Questions about the instantiate method

Godot Version

v4.6.2

Question

Hi, I’m new to Godot and programming as a whole so I wanted to consult some people who were a bit more experienced to figure out how I should handle this.

I’m created a grid-based ecosystem game where you can choose which animal you’d like to be and so far it’s going pretty well. The problem I keep encountering, however, is that some things get loaded in before others, for instance:

My game would load my menus then my main scene and then add my player into it.

My problem came with the health bars, which were added alongside the main scene and freaking out because they couldn’t see the player’s health components and saying values were null (which were added a few seconds later with the player). Even when I added the healthbar to the Player scene it returned null - that stumped me for a day or two. Finally I added a signal that, after the player had been added as a child to the main scene, would emit that “player was ready” and that’s worked great so far - the only annoying thing being that I have to add it to the ready function of literally anything trying to interact with something that hasn’t been ‘created’ yet.

I have a few questions:

  1. Is there a way around this / is this bad practice (regarding the ‘player ready’ signal)? Is there an easier way than doing what I’m doing? I just started working on a FoodSpawner script for the food in the ecosystem and am running into some issues trying to access a TileMapLayer on the main scene that hasn’t been loaded yet.
  2. Should I instantiate my world from the launch of the game and pause it while the player is in the menus or should I only instantiate after they’ve selected their character and pressed start?
  3. If I instantiate at character select, how do I access nodes that ‘don’t exist yet’?

instantiate() doesn’t run any code in your scene except _init() functions which you likely don’t use.
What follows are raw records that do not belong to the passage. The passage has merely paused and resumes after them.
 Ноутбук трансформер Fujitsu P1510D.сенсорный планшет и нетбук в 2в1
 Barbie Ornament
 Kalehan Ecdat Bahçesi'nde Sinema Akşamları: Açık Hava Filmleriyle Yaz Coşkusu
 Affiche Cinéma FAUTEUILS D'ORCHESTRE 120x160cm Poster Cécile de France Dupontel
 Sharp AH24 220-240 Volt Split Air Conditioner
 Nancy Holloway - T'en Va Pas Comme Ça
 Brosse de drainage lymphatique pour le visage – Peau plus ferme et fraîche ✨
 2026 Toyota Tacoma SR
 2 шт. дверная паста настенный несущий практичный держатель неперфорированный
Your _ready() functions will run only when you add instantiated scene to engine’s main scene tree, typically via add_child().

They can’t all run at once. Only one _ready() can run at a time. The order in which they will run is determined by the order of nodes in the scene’s branch. Being aware of the order in which your _ready()s will run is important.
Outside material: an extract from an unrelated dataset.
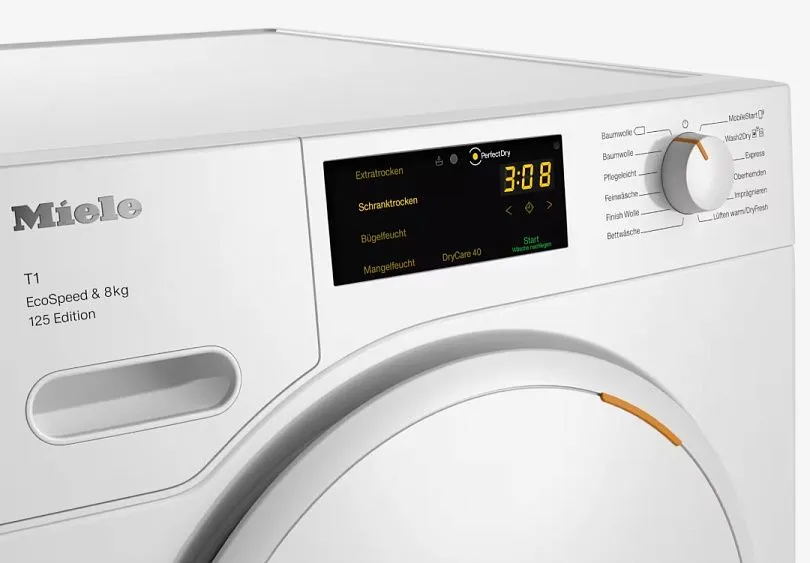 Сушильная машина MIELE TWC 660 WP 125 EDITION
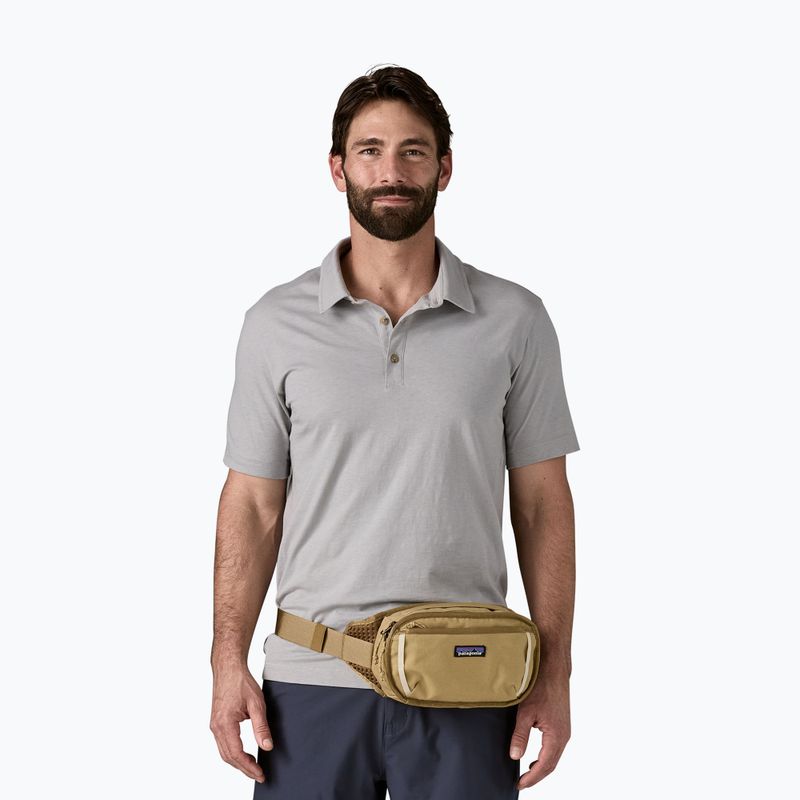 Сумка-бананка Patagonia Fieldsmith Hip Pack 5 л classic tan 3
If something is initialized in one _ready() and some other _ready() depends on it being initialized, you need to make sure that they run in that order. This is called initialization order. You need to make sure that dependencies are always initialized before the code that depends on them runs. Otherwise you’ll get infamous “null reference” errors.

1 Like

Its probably a good idea to make nodes that dont rely on the instantiation of others,
as @normalized stated, using a _ready() functions can only be done once per script, and as such will only run once, this in mind, it is very helpful and often all i need for setting things up in my scenes.
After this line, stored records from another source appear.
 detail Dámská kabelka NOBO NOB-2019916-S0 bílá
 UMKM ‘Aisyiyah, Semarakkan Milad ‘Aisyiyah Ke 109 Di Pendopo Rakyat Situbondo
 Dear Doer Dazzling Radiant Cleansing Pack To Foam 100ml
I recommend using @onready for node variables, and using a globals script. (which you seem to be doing)

I find its always a good practice to go the React route (dont mind if you arent familliar, its a web development framework), which would be splitting separate components into different scenes, if they work by themselves, they should work together.

I have never encountered that many issues with instantiation of nodes, what exactly is your main system?